The effect of compatibility and dimensionality of carbon nanofillers on cement composites

Abstract

Carbon-based nanofillers (NFs) have a marked effect on the mechanical and rheological properties of polymeric and cementitious composites. In this study, we explored the role of four nanocarbon materials as NFs, namely, graphene nano-platelets (GNP) and carbon nanotubes (CNT) and their hydrophilic derivatives, graphene oxide (GO) and functionalized CNT (f-CNT), respectively. We investigated how the NF dimensionality and hydrophilicity affect the various properties of NF-cement composites in fresh (e.g., workability) and hardened (e.g., strength) states.

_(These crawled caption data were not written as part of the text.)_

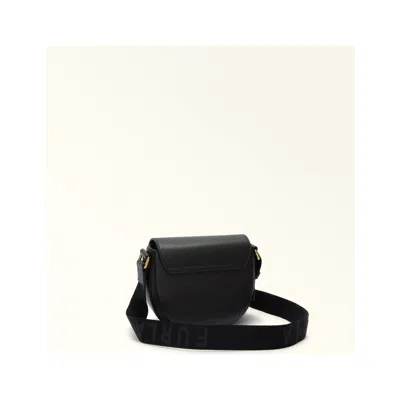 Furla Lotus Mini Leather Shoulder Bag Black Color In Black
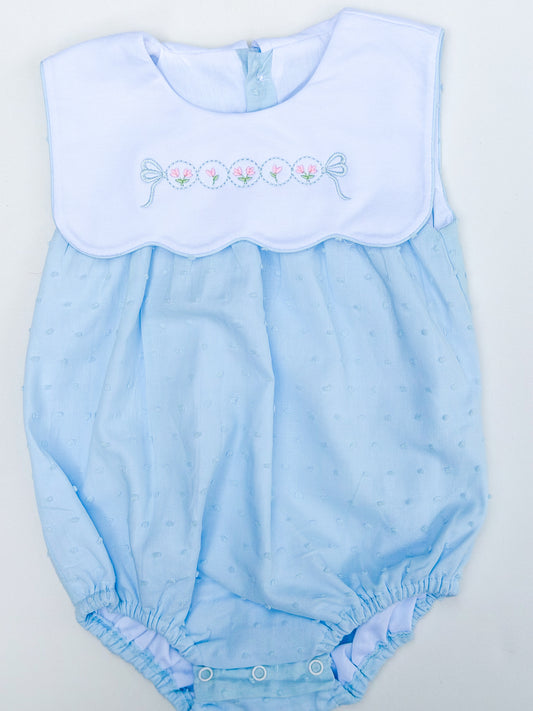 LHC Woven Swiss Dot Scallop Bib Bubble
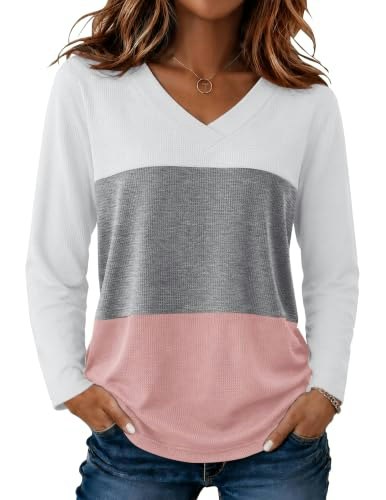 Zeagoo Women's Waffle Knit Long Sleeve Loose Fit Top: $12.33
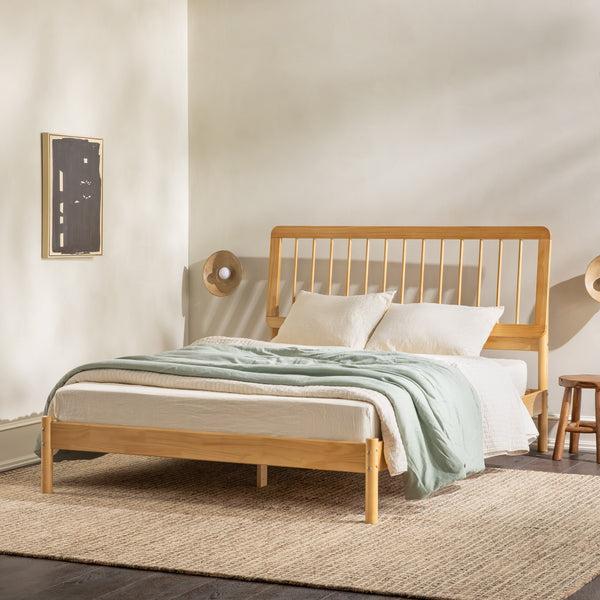 English Elm Walker Edison - Mid-Century Solid Pine Queen Spindle Bed Frame with Slat-Back Design, Warp-Resistant Slats, Sturdy Support Natural Wood 84.5 L x 25 W x 5 H B185P169116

This will enable one to judiciously choose an appropriate NF for a specific application. In that respect, the additive polycarboxylate ether (PCE) is employed both as a surfactant for the NF dispersion in the cementitious matrix and as a superplasticizer, reducing the composite mixture viscosity to enhance its workability. The addition of GO, CNT or f-CNT fillers (in the presence of 0.2 wt% PCE) demonstrated workability deterioration for all NF concentrations while that of the GNP-loaded system was much less affected. Among the four explored NF-loaded systems, GO (0.025 wt%) was the best reinforcing agent with enhancement of 60% in flexural and ~30% in compressive strengths. Nevertheless, GNP presents a cost-effective alternative, although a little inferior to GO in its mechanical performance.